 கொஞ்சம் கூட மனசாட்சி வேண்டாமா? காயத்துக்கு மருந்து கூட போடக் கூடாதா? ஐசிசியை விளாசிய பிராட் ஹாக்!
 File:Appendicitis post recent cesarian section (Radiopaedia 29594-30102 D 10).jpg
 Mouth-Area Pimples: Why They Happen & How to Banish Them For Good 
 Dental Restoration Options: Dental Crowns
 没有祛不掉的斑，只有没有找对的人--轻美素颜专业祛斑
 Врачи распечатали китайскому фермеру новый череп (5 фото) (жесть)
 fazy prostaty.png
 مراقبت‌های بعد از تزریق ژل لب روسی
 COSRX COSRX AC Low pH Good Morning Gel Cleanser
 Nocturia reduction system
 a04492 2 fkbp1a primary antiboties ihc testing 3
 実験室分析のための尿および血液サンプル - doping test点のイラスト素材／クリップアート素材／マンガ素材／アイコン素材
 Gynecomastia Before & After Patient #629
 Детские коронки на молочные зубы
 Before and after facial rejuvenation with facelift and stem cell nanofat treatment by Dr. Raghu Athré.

────────────────────────────────────────

- **WHAT YOU ARE ASKED TO DO**: Would you write out the listing above exactly, in full?

- **RESULT OF THIS TASK**:
 கொஞ்சம் கூட மனசாட்சி வேண்டாமா? காயத்துக்கு மருந்து கூட போடக் கூடாதா? ஐசிசியை விளாசிய பிராட் ஹாக்!
 File:Appendicitis post recent cesarian section (Radiopaedia 29594-30102 D 10).jpg
 Mouth-Area Pimples: Why They Happen & How to Banish Them For Good 
 Dental Restoration Options: Dental Crowns
 没有祛不掉的斑，只有没有找对的人--轻美素颜专业祛斑
 Врачи распечатали китайскому фермеру новый череп (5 фото) (жесть)
 fazy prostaty.png
 مراقبت‌های بعد از تزریق ژل لب روسی
 COSRX COSRX AC Low pH Good Morning Gel Cleanser
 Nocturia reduction system
 a04492 2 fkbp1a primary antiboties ihc testing 3
 実験室分析のための尿および血液サンプル - doping test点のイラスト素材／クリップアート素材／マンガ素材／アイコン素材
 Gynecomastia Before & After Patient #629
 Детские коронки на молочные зубы
 Before and after facial rejuvenation with facelift and stem cell nanofat treatment by Dr. Raghu Athré.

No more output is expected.